Jokowi Bakal Groundbreaking Penanaman Modal Eksternal Pertama di tempat IKN Pekan Hal ini

JAKARTA – Menteri Pekerjaan Umum lalu Perumahan Rakyat (PUPR) sekaligus Plt. Kepala Otorita Ibu Pusat Kota Nusantara (OIKN) Basuki Hadimuljono mengungkapkan groundbreaking tahap VIII akan dilakukan usai penutupan PON XII Aceh-Sumut pekan ini, Hari Jumat 20 September 2024.
Hal itu lantaran menyesuaikan jadwal Presiden Joko Widodo (Jokowi) yang tersebut akan menyembunyikan PON 2024 terlebih dahulu, sebelum mengatur segera seremonial peletakan batu pertama proyek milik penanam modal dalam IKN.
“Jadwal awal, setelahnya penutupan PON, Bapak Presiden mau ke sana (IKN), nanti kalau Bapak kesana, ada groundbreaking, ada peresmian,” ujar Basuki ketika ditemui pada Kompleks DPR RI, Rabu (18/9/2024).
Baca Juga: Porsi Anggaran Bangun IKN Tambah Jadi Rp9,11 T, Menteri Basuki Ungkap Buat Apa Saja
Pada groundbreaking tahap 8 di dalam bulan September 2024 ini, targetnya ada 8 pelaku usaha yang menjadi pemodal baru IKN. Adapun 2 diantaranya merupakan badan bidang usaha dari Asing.

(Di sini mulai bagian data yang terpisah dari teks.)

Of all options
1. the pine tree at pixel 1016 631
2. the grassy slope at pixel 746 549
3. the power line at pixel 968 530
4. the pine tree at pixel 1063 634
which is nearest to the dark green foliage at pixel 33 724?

Pada kesempatan yang berbeda, Plt. Wakil kepala OIKN, Raja Juli Antoni menyebutkan total pembangunan ekonomi dari kedua pemodal asing yang disebutkan diperkirakan Rp650 miliar, dari negara China serta Australia.
Raja Juli merinci salah satu perusahaan dengan syarat Singapura yang mana akan berinvestasi ke IKN adalah Delonix Group, yang dimaksud akan memulai pembangunan mall, hotel, hingga apartemen dengan nilai penanaman modal sekitar Rp500 miliar.
Sedangkan perusahaan Australia berinvestasi melalui Australian Independent School untuk memulai pembangunan lembaga sekolah dengan nilai pembangunan ekonomi Rp150 miliar.
“Kalau pak presiden datang ke IKN nanti (melakukan groundbreaking), telah kita siapkan ada 2 pemodal asing. Dari China Rp500 miliar, kemudian ada Australia Rp150 miliar,” tambahnya.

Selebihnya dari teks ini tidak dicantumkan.